For computer problems we use remote desktop. But for dealing with the printer, tv, phones, car, or checking the router we need to have video chat.

[–] [email protected] 2 points 1 month ago

Maybe ask in [email protected]? It seems to be the largest community

[–] [email protected] 2 points 1 month ago

I think the biggest issue is that people dont like to look at the object through phone when it is much clearer here in reality. So looking for themselves and looking to show it to assistant naturally split into two separate processes. While looking "for yourself" the phone is randomly dangling in the hand, making the stream sea/sickening.

So I thought, VR headsets have a good see-through mode, which could also be streamed. It also could easily display a pointer from remote.
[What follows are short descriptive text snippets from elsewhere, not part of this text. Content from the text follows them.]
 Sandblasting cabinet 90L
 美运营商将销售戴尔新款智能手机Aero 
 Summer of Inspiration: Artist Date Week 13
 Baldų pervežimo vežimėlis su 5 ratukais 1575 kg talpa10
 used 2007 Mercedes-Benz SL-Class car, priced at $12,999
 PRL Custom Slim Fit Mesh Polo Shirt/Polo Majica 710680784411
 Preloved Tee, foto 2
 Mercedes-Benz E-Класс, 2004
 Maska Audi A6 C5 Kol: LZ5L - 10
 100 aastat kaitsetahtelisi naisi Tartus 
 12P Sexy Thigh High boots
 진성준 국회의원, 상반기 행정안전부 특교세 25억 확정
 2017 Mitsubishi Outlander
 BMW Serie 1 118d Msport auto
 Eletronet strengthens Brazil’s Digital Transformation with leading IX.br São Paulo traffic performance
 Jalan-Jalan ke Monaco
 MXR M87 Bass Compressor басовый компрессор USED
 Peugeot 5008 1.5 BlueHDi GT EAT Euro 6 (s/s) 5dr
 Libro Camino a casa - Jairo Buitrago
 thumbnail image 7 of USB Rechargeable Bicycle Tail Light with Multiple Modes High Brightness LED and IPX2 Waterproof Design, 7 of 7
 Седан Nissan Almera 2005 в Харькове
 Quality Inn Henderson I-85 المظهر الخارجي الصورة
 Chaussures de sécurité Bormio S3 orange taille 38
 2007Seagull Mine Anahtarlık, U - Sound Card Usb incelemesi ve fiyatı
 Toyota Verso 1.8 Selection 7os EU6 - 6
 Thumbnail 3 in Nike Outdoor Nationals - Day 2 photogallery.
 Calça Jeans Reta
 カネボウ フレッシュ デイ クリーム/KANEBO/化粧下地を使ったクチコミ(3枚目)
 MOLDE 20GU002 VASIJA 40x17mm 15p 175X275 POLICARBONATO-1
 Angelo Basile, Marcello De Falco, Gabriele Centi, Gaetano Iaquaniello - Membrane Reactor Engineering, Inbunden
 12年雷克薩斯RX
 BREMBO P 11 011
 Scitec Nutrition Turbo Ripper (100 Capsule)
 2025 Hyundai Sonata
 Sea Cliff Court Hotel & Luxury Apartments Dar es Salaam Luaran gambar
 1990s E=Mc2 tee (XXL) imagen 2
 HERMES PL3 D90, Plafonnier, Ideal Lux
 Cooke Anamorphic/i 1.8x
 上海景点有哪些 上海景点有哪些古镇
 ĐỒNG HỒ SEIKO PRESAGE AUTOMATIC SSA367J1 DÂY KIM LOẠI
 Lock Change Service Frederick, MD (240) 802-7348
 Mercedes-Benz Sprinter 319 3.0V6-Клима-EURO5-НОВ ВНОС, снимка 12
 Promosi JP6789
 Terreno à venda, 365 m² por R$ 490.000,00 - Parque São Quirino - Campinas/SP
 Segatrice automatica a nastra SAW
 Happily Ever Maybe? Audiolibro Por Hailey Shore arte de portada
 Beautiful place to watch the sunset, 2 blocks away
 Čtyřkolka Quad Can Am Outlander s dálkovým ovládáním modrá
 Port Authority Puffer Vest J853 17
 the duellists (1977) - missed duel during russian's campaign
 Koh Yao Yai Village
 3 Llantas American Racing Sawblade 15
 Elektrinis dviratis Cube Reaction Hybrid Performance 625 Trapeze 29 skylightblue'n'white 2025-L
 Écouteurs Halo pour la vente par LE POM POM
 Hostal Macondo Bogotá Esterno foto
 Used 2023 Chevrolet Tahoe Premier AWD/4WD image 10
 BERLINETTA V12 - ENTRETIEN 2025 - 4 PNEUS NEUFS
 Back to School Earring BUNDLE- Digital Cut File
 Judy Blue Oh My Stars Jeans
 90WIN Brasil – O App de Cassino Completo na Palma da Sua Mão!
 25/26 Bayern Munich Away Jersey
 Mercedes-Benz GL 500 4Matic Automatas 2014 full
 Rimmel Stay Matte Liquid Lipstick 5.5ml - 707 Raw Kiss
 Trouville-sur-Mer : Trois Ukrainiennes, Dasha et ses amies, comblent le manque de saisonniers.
Thus both processes would merge into one, and you could directly comment on what is on focus.

[–] [email protected] 1 points 1 month ago (1 children)

There's nothing VR would give you that streaming video like FaceTime gives you. A smartphone is better because they can point it at things they couldn't reach if they had a headset on.

Just video call and have them point with one hand while holding their phone with the other.

[–] [email protected] 0 points 1 month ago (1 children)

I'm guessing you haven't tried to do it. I can spend twenty minutes trying to read something my father-in-law needs help with over video chat. From his "and how do I turn the back camera on?", to my "no back a bit and left. The other left", and the classic "you turned off your video, let me call you back" because it's faster than guiding him on how to turn it on while he swears that he didn't press anything.

[–] [email protected] 1 points 1 month ago

I've done it a few times. It's not the best but vr would be far worse.

Do you think "how do I turn video back on?" would be easier in VR? You have obviously never used VR.